– Смерть, государь мой, всякому осталась. А вот служил ты, я тебе скажу, мало.
– Что мне даст служба? Мое сердце разбито, мне ничто не мило.
– Твое положение, государь мой, если хочешь, неприятное и натянутое. Так любить и не соединиться, – согласен, я вам скажу, трудно, другие стреляются, топятся, но ты этого не сделаешь.
– Я приехал проститься с вами, ваше сиятельство, – тихо и решительно ответил Коньков.
– Стыдись, государь мой! Таков ли должен быть офицер войска Донского, тому ли тебя учили отец с матерью, чтобы ты был такой малодушный. Или забыл ты Бога, забыл присягу? Забыл покойных отца с матерью. За что, я вам скажу, ты хочешь наказать весь род свой? Разве на то родился казак, чтобы быть бабой, чуть что не по нем, сейчас и за пистолет. Пистолеты, государь мой, не на то сделаны, чтобы убивать себя; слава Богу, нехристей много рассеяно есть, с кем повоевать и заслужить большую славу всевеликому войску Донскому!
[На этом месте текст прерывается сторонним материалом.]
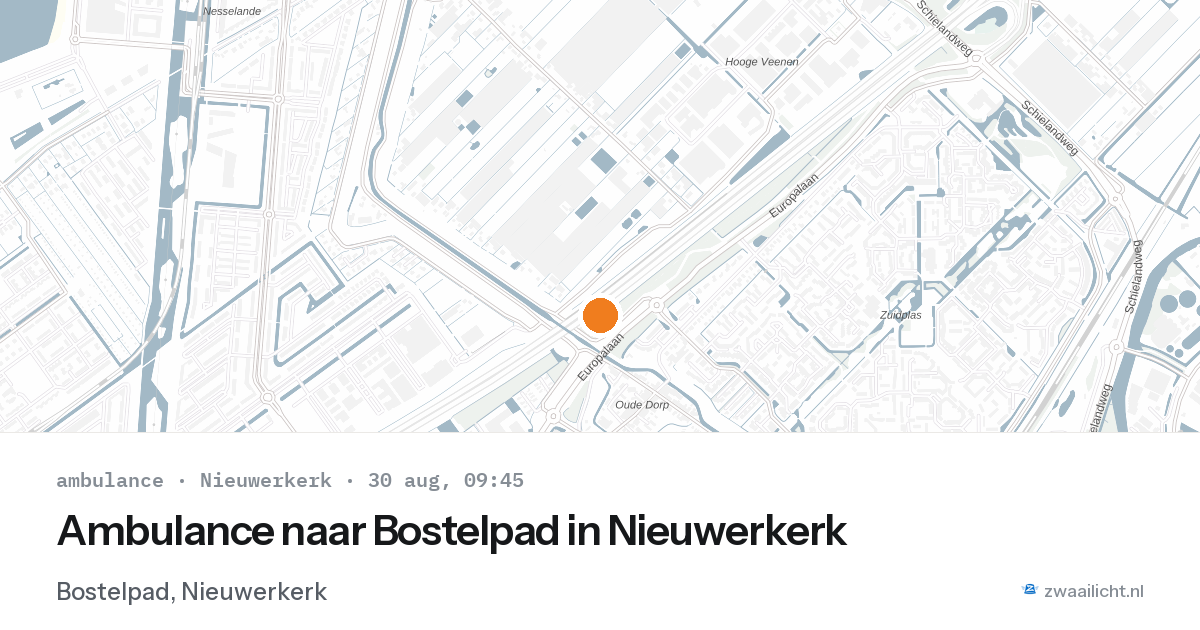 Ambulance naar Bostelpad in Nieuwerkerk — 30 aug 2026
Помолчал немного Платов. Лихорадочным блеском загорелись его глаза.
– Ты говоришь, государь мой, жизнь тебе постыла и не мила, – жаль тебя, государь мой, что из-за бабы с тобой такие несчастья происходят. Очень жаль. Я понимаю: с поля сражения бежать или товарища в беде не выручить, – только такие подлые поступки иначе не смоются, как кровью. Но что баба полюбила другого и вышла за него замуж, – и Бог с ней. На черта ли казаку баба? Сознаю, твоя невеста достойнейшая девушка, но раз вышло так, – что делать! Бог дал, Бог и взял. Не сам ли ты даже, государь мой, и виноват в этом? Почему, государь мой, не бежал ты из плена, почему отдавался ласкам француженки? Да, государь мой, это и сгубило тебя навсегда. Но есть и поправка! – живо договорил Платов. И вдруг, встав и распахнувши свой халатик, протянул руку к Конькову и торжественно и громко заговорил: – Не раз, государь мой, учил я тебя и детушек своих, что нет для казака больше чести, как исполнить завет Христов: «больше сея любве никто же имать, да кто душу свою положит за други своя», – полагай, государь мой, душу свою за других, и забудется твое горе. Ты жаждешь смерти, потому что ты полюбил по-настоящему, и тебе нет соединения, что же, ищи смерти, но в честном бою. Вот на днях в Грузию отправляются наши полки, пойди дерись с азиатами, будь храбрее всех, и твое горе сойдет, точно его и не бывало! Я вам скажу, в таких делах вера во Христа, исполнение его заповедей, – все заглаживает, все исцеляет. Стыдись, государь мой, и думать о смерти не на поле брани. Это бабы тебя исковеркали так… Ну, садись и потолкуем. Все говори, без утайки.
Коньков рассказал Платову подробно про свою жизнь в замке Шамбрэ, рассказал про то, как он уехал с разрешения Люси, как она снабдила его всем необходимым.
Несколько раз Платов неодобрительно покачал головой.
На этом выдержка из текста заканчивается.